Bayesian Spam Filtering

Matts on 2002-09-04T12:50:51

Is anyone else sick of all these new bayesian spam filtering projects popping up everywhere now that Paul Graham has translated the theses on it into plain english? I've now counted at least 8, and I haven't gone out searching yet.

OK, maybe I'm just annoyed since I had to do my own translation before that article, and now everyone else has just jumped on the bandwagon given PG's code, without really understanding the underpinnings of it.

Bah humbug.


Me! Me!

gnat on 2002-09-04T18:56:47

I'm sick of it, too, for exactly the same reasons. BN is cool now the way Neural Networks were a while ago. And people are blindly using them the same way they blindly used NNs--copying code and not knowing the limits of the technology, how to improve it, or when it's fundamentally inappropriate to be used.

Bah! Humbug!

--Nat

Re:Me! Me!

petdance on 2002-09-04T19:54:51

So what should they be doing instead? Not producing code? What's wrong with experimentation and seeing what works?

And people are blindly using them the same way they blindly used NNs--copying code and not knowing the limits of the technology, how to improve it, or when it's fundamentally inappropriate to be used.

I don't see how that's harmful, really.

Re:Me! Me!

Matts on 2002-09-04T21:26:45

My point was that nobody is experimenting or innovating here. It's the same thing the open source community does over and over again - sees something cool and develops fifteen billion copies of the same code. Eventually you end up with a concensus on a libbayesianspam, but it takes forever to get to that point, and meanwhile there's no innovation, just mindless cargo-cult copying of code.
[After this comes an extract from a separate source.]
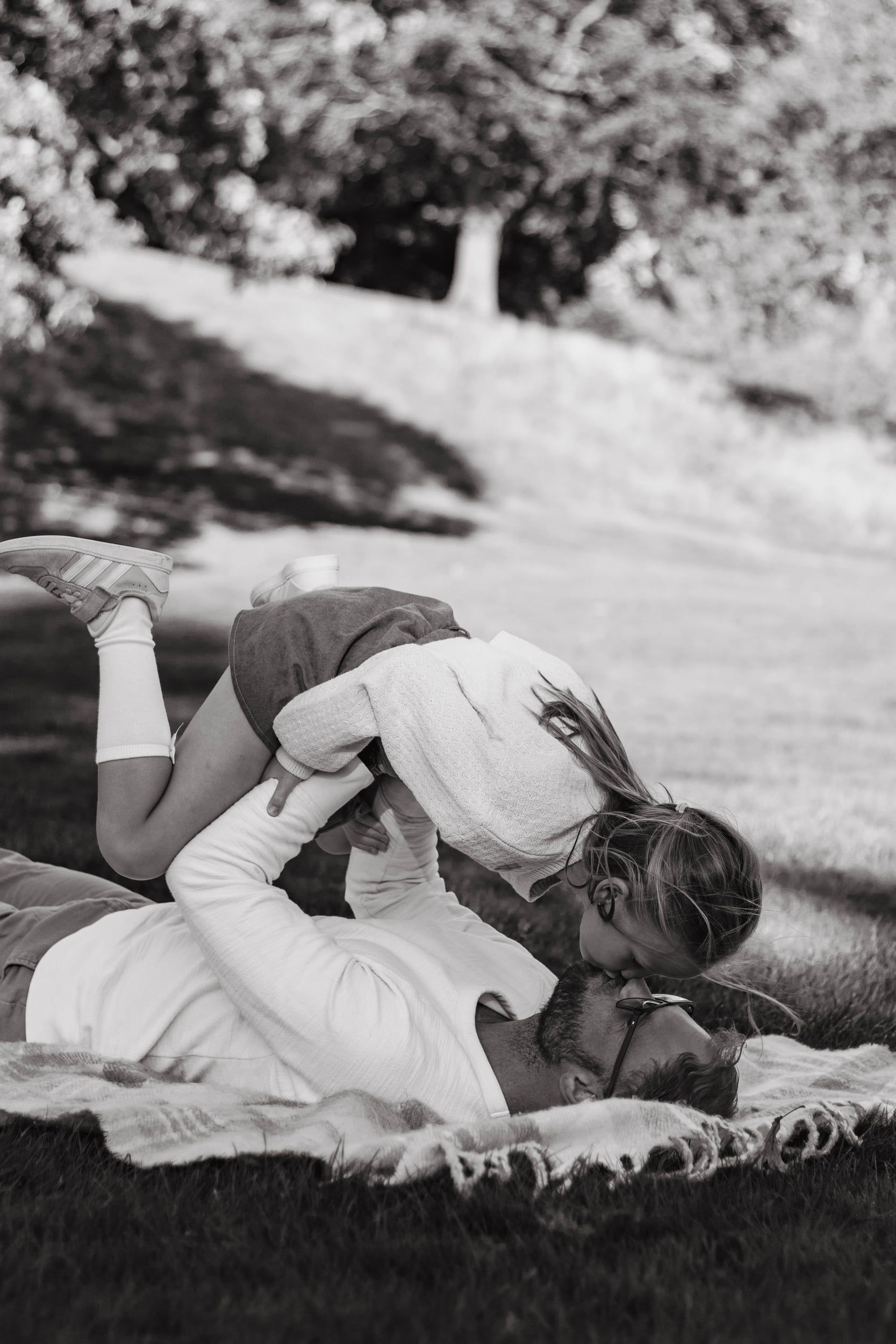 Black and white of a father lying on a blanket, lifting his daughter above him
I'd rather see people try and think of new ways to stop spam, instead of copying code just to have a new and popular project.

Re:Me! Me!

petdance on 2002-09-04T21:45:42

I'd rather see people try and think of new ways to stop spam, instead of copying code just to have a new and popular project.

I'm not sure you can attribute their motivations to wanting to have a "new and popular project". That's a lot of mind-reading skill that I don't have.
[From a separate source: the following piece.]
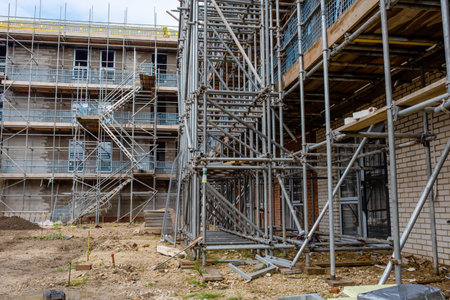 Scaffold and temporary access stairs erected on new housing development construction site around new multi-storey house to allow cladding, windows and roof installationの写真素材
But yes, projects pop up and die off, and the strongest survive. The survivors usually slurp up the castoffs, too, or those with less expertise hook up with someone else. In a couple of months, those who are just in it for the short-term win of having a project will lose interest.

Re:Me! Me!

gnat on 2002-09-04T21:43:34

It's not experimentation, though. You've got people reimplementing existing code. Big whoop. If you don't really know what you're doing, you don't know how to make meaningful changes, and you're not really experimenting, you're just fucking around. And fucking around is okay, but take your hand off your cock and don't pretend it's Your Great Spam Solution when it's really Paul Graham's Great Spam Solution Reimplemented In Your Favourite Language With Your Name In The Comments.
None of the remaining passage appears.